Highly empathetic ITS processing
Abstract
The present disclosure provides a technical solution of highly empathetic TTS processing, which not only takes a semantic feature and a linguistic feature into consideration, but also assigns a sentence ID to each sentence in a training text to distinguish sentences in the training text. Such sentence IDs may be introduced as training features into a processing of training a machine learning model, so as to enable the machine learning model to learn a changing rule for the changing of acoustic codes of sentences with a context of sentence. A speech naturally changed in rhythm and tone may be output to make TTS more empathetic by performing TTS processing with the trained model. A highly empathetic audio book may be generated using the TTS processing provided herein, and an online system for generating a highly empathetic audio book may be established with the TTS processing as a core technology.
Claims
exact text as granted — not AI-modifiedThe invention claimed is:
1. An electronic apparatus, comprising:
a processing unit; and
a memory, coupled to the processing unit and containing instructions stored thereon, the instructions cause the electronic apparatus to perform operations upon being executed by the processing unit, the operations comprising:
extracting a text feature from each sentence in an input text, to acquire a semantic code of sentence and a linguistic feature of sentence of the each sentence in the input text;
performing searching of similarity matching in a dictionary of acoustic codes of sentences according to the semantic code of sentence of the each sentence in the input text, to acquire an acoustic code of sentence matched with the semantic code of sentence of the each sentence, wherein the dictionary of acoustic codes of sentences comprises a plurality of items consisted of semantic codes of sentence, IDs of sentence, and acoustic codes of sentence, which have mapping relationship therebetween; and
inputting the acoustic code of sentence and the linguistic feature of sentence of the each sentence in the input text into an acoustic model, to acquire a parameter of acoustic feature of sentence of the each sentence in the input text.

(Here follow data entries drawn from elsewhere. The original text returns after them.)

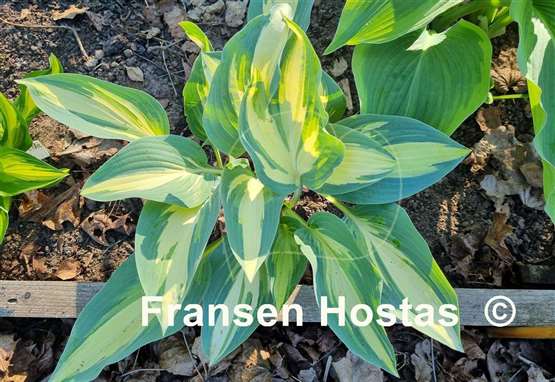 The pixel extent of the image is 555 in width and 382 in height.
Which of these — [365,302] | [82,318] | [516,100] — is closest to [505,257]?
[516,100]

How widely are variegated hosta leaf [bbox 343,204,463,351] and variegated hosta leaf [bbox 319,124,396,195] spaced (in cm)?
11

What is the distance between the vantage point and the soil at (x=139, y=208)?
132 centimetres

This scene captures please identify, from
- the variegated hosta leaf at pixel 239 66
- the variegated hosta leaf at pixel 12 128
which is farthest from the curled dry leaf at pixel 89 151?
the variegated hosta leaf at pixel 239 66

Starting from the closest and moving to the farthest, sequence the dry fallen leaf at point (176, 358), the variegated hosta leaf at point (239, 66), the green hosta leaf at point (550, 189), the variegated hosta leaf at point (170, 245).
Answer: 1. the variegated hosta leaf at point (239, 66)
2. the variegated hosta leaf at point (170, 245)
3. the green hosta leaf at point (550, 189)
4. the dry fallen leaf at point (176, 358)

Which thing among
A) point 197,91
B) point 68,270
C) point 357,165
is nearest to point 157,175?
point 197,91

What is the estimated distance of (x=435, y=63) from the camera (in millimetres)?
1130

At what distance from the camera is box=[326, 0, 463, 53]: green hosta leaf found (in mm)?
1012

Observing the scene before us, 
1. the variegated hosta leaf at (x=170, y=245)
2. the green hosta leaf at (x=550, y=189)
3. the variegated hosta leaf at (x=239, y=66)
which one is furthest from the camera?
the green hosta leaf at (x=550, y=189)

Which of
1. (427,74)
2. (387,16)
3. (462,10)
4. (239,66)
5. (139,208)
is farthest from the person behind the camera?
(139,208)

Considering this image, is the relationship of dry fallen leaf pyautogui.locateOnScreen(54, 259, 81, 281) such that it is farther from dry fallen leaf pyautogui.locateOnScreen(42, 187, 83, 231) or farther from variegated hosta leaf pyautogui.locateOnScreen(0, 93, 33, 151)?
variegated hosta leaf pyautogui.locateOnScreen(0, 93, 33, 151)

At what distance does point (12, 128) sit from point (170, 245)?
50 centimetres

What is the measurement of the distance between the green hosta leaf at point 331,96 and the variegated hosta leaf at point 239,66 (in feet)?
0.64

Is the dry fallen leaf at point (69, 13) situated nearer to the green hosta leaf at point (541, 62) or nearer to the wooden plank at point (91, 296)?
the wooden plank at point (91, 296)

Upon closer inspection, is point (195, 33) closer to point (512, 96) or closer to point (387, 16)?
point (387, 16) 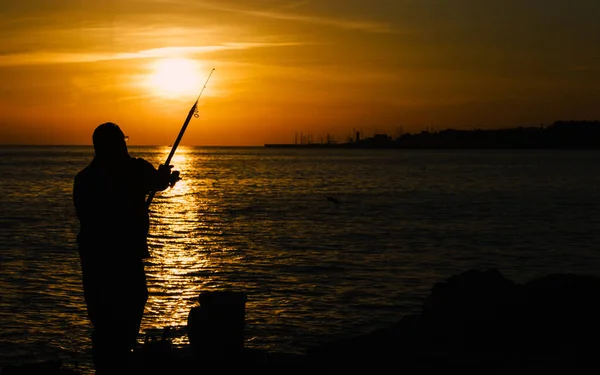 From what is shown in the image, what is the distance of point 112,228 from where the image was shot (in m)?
6.24

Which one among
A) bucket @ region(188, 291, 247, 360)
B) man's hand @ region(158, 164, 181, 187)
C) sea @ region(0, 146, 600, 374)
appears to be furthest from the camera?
sea @ region(0, 146, 600, 374)

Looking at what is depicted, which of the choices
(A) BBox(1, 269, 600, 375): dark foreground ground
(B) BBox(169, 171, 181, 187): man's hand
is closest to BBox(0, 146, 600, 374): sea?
(A) BBox(1, 269, 600, 375): dark foreground ground

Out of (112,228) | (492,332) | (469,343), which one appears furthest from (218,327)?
(492,332)

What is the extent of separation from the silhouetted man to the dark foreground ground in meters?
1.86

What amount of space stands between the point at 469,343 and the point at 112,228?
20.0 ft

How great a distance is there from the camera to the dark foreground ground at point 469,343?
348 inches

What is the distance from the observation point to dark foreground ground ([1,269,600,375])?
8.85 meters

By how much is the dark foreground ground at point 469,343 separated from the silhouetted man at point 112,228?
1.86 meters

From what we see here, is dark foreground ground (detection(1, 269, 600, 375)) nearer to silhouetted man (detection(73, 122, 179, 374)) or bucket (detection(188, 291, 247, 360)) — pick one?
bucket (detection(188, 291, 247, 360))

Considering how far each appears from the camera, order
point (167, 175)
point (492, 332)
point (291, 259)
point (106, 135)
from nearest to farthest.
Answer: point (106, 135) → point (167, 175) → point (492, 332) → point (291, 259)

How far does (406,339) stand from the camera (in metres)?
10.9

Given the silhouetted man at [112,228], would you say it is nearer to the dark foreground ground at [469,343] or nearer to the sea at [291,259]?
the dark foreground ground at [469,343]

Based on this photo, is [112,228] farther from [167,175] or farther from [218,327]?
[218,327]

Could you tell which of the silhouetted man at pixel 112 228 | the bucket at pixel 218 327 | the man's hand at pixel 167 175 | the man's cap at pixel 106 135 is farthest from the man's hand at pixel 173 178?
the bucket at pixel 218 327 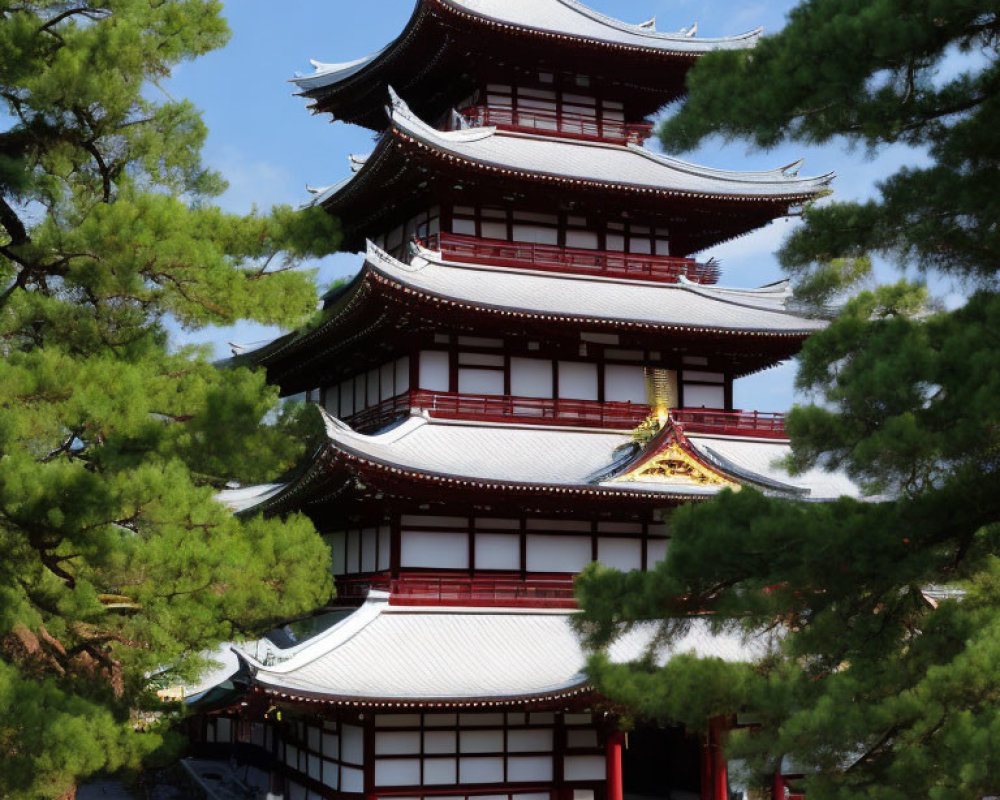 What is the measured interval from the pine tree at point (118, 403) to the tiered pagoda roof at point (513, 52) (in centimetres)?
742

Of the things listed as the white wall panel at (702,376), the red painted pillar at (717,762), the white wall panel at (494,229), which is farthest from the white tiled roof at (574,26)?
the red painted pillar at (717,762)

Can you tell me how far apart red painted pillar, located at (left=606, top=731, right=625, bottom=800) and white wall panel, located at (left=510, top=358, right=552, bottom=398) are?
708 centimetres

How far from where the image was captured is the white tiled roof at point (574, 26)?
985 inches

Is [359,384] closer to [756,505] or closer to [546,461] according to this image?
[546,461]

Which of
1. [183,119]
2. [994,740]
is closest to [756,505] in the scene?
[994,740]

2. The electronic apparatus according to claim 1 , wherein the performing searching of similarity matching in a dictionary of acoustic codes of sentences according to the semantic code of sentence of the each sentence in the input text, to acquire an acoustic code of sentence matched with the semantic code of sentence of the each sentence comprises:
performing searching of similarity matching in a dictionary of acoustic codes of sentences according to the semantic code of sentence of the each sentence in the input text and the semantic code of sentence of a preset number of sentences in context of the each sentence in the input text, to acquire an acoustic code of sentence matched with the semantic code of sentence of the each sentence in the input text.
3. The electronic apparatus according to claim 1 , wherein the performing searching of similarity matching in a dictionary of acoustic codes of sentences according to the semantic code of sentence of the each sentence in the input text, to acquire an acoustic code of sentence matched with the semantic code of sentence of the each sentence comprises:
determining a sentence ID corresponding to the each sentence in the input text according to position information of the each sentence in the input text, in connection with a training text template matched with the dictionary of acoustic codes of sentences; and
performing searching of similarity matching in the dictionary of acoustic codes of sentences according to the semantic code of sentence and the determined sentence ID of the each sentence in the input text, to acquire the acoustic code of sentence matched with the semantic code of sentence of the each sentence in the input text.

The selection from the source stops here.